- [ACTION ITEM]: Write out the data that follows exactly, keeping every picture out.
↓↓↓
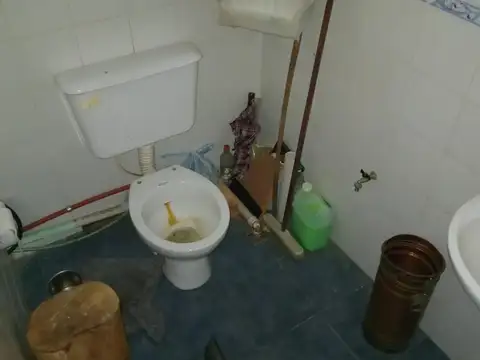 (LEG-1548) LA FRATERNIDAD 301 - OPORTUNIDAD ESQUINA UNICA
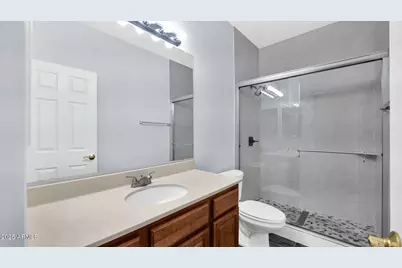 1702 E Bell Road #Unit 113, Phoenix, AZ 85022 - Photo 28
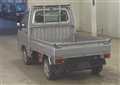 2000 Subaru Sambar Truck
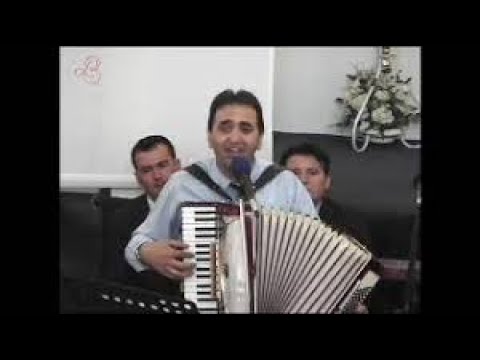 🎹 Cornel Cuibus - Noi suntem din Viena, noi nu ne inchinam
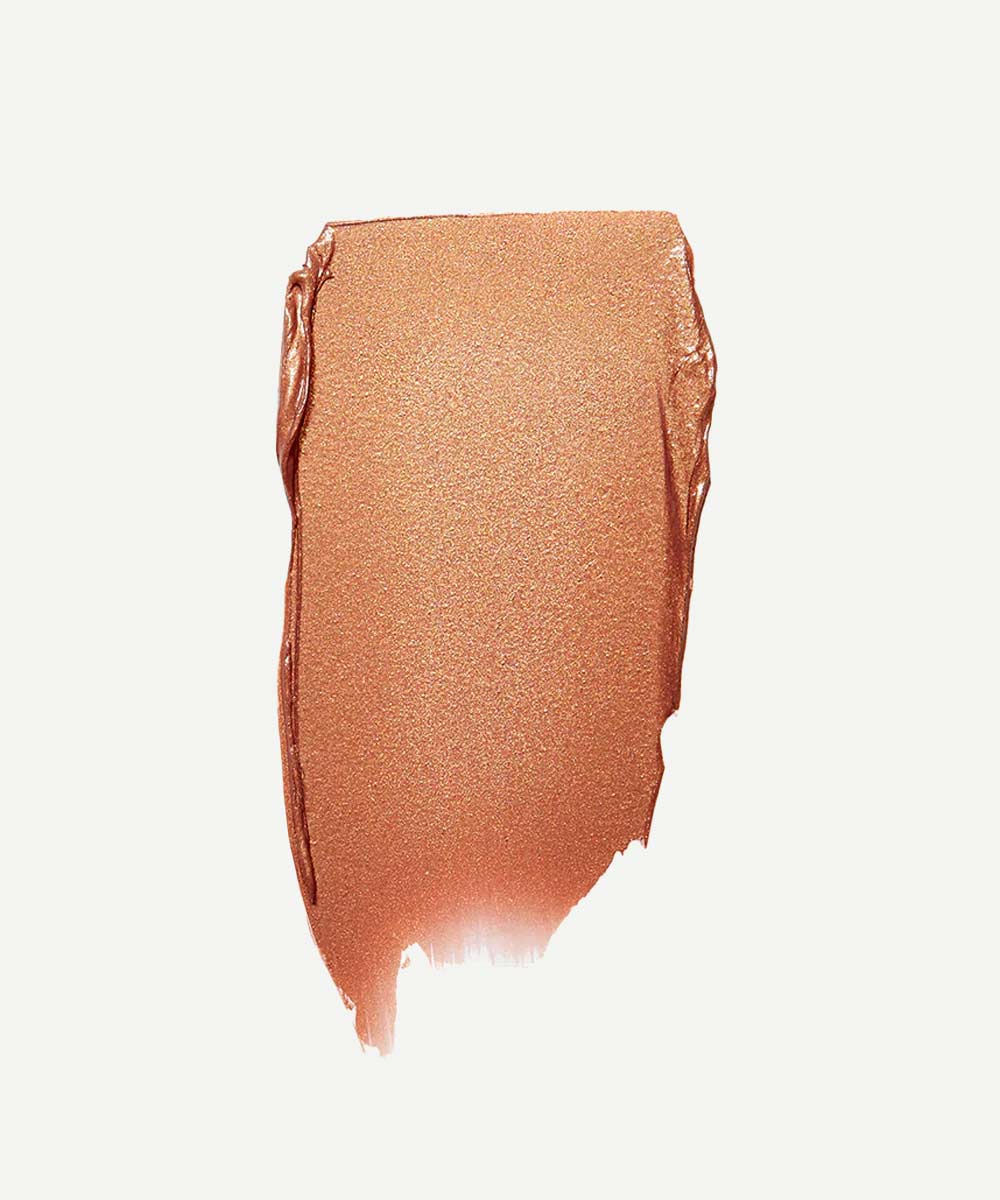 RMS Beauty - Award-Winning Buriti Bronzer with Organic Buriti Oil & Cocoa Butter For A Radiant, Sunkissed Finish - Secret Skin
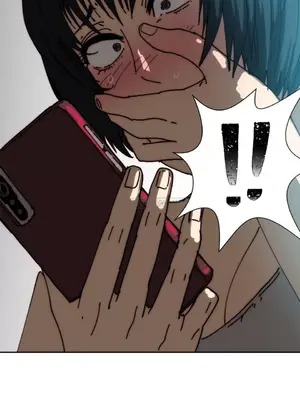 想要殺死你 The Desire to Kill 1-37話[完結]_004083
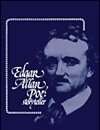 Photo of Edgar Allen Poe Stories Cover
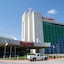 Harrahs Council Bluffs Hotel & Casino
↑↑↑
- [EXERCISE OUTPUT]:
 (LEG-1548) LA FRATERNIDAD 301 - OPORTUNIDAD ESQUINA UNICA
 1702 E Bell Road #Unit 113, Phoenix, AZ 85022 - Photo 28
 2000 Subaru Sambar Truck
 🎹 Cornel Cuibus - Noi suntem din Viena, noi nu ne inchinam
 RMS Beauty - Award-Winning Buriti Bronzer with Organic Buriti Oil & Cocoa Butter For A Radiant, Sunkissed Finish - Secret Skin
 想要殺死你 The Desire to Kill 1-37話[完結]_004083
 Photo of Edgar Allen Poe Stories Cover
 Harrahs Council Bluffs Hotel & Casino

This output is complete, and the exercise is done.